§ Data provided
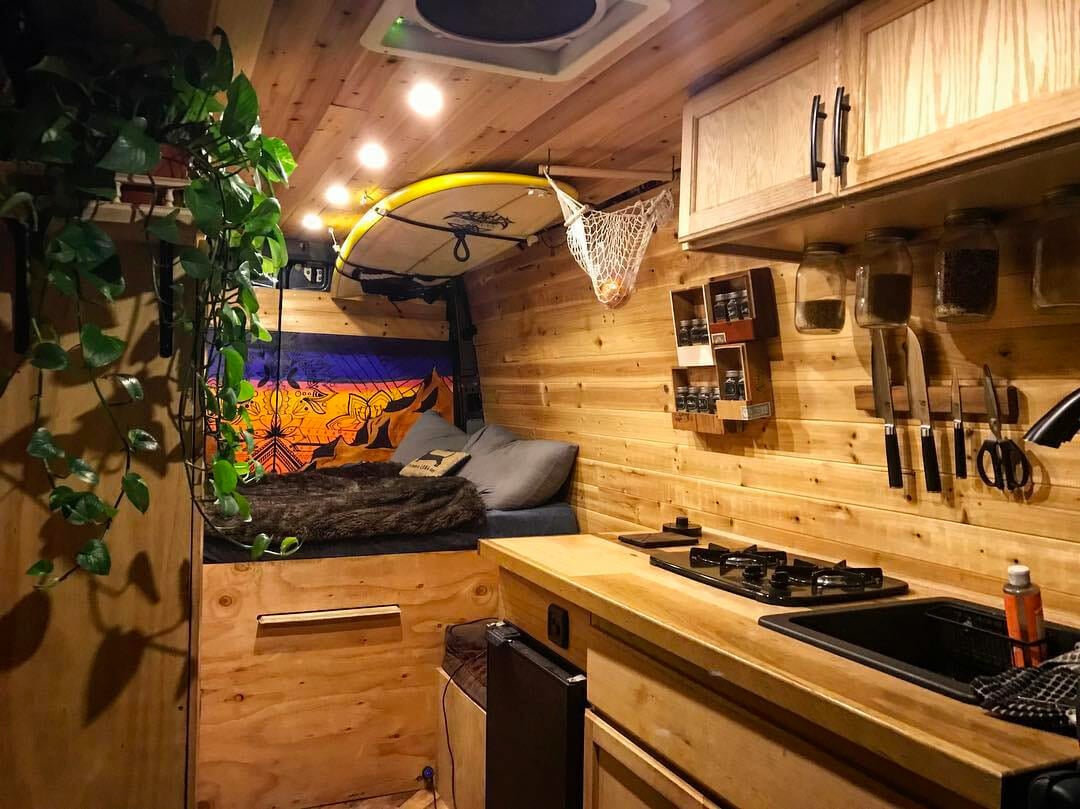 kitchen layout in a diy camper van build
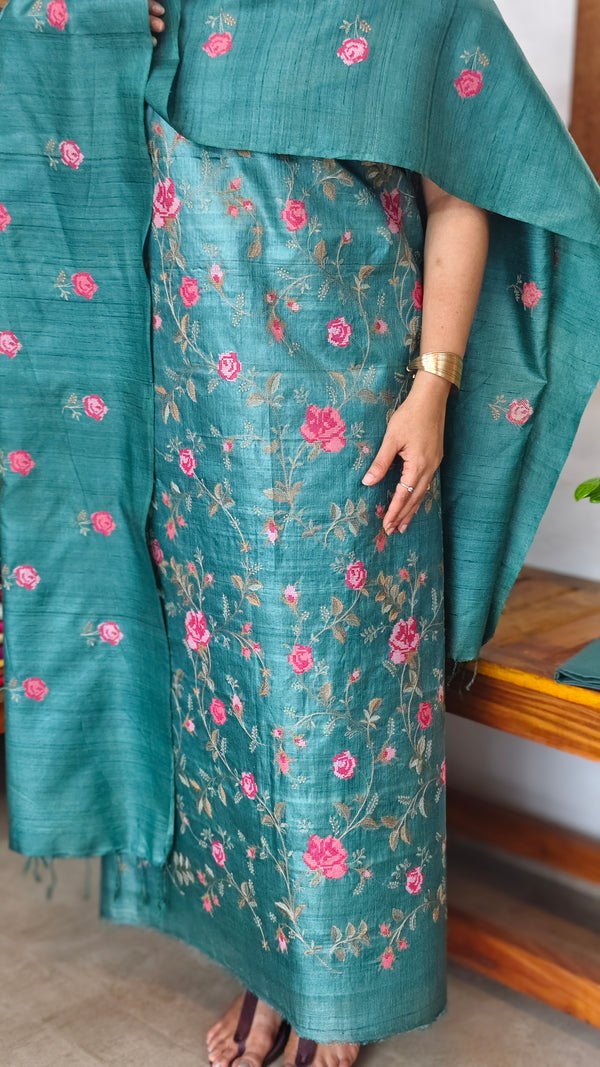 Dark Teal Desi Tussar Silk Suit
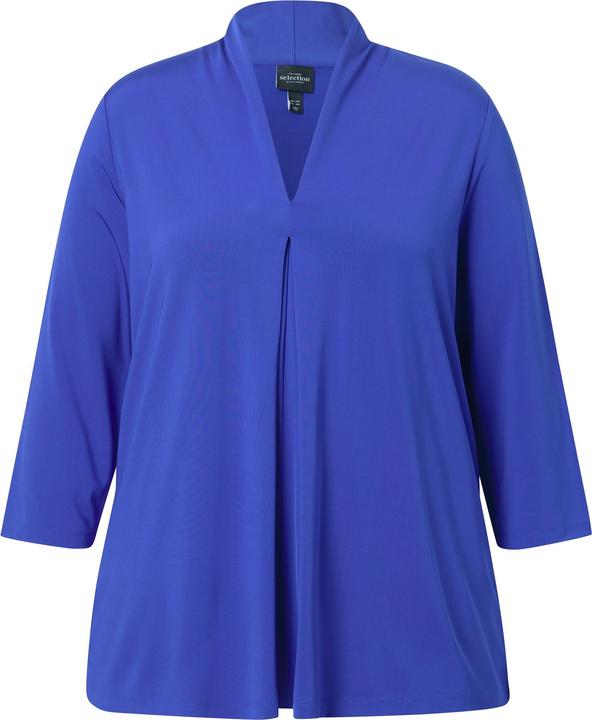 Immagine prodotto Ulla Popken Maglia dal taglio svasato in tessuto fluente con scollo montante, piega decorativa e maniche a 3/4 (54)
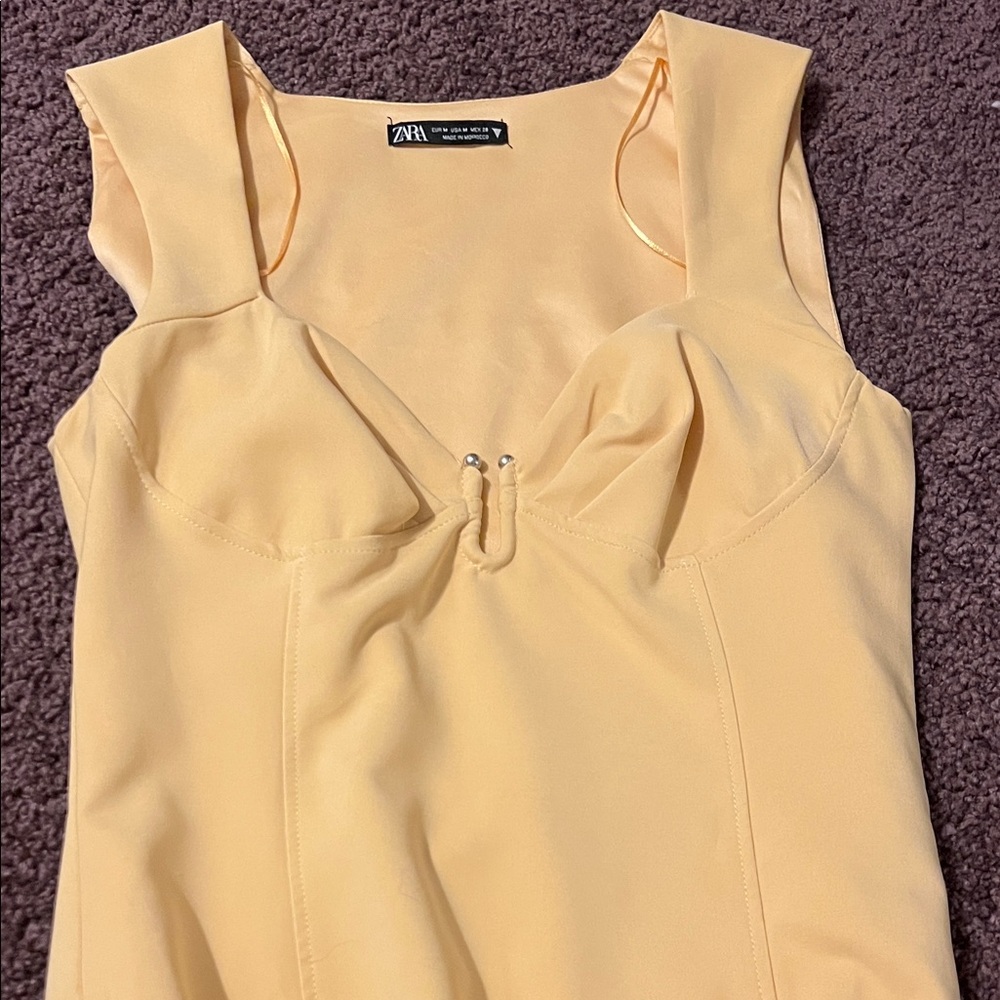 Zara Apricot Sleeveless Blouse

§ How to complete this task
Repeat the lines above precisely and skip every picture.

§ Solution to this exercise
 kitchen layout in a diy camper van build
 Dark Teal Desi Tussar Silk Suit
 Immagine prodotto Ulla Popken Maglia dal taglio svasato in tessuto fluente con scollo montante, piega decorativa e maniche a 3/4 (54)
 Zara Apricot Sleeveless Blouse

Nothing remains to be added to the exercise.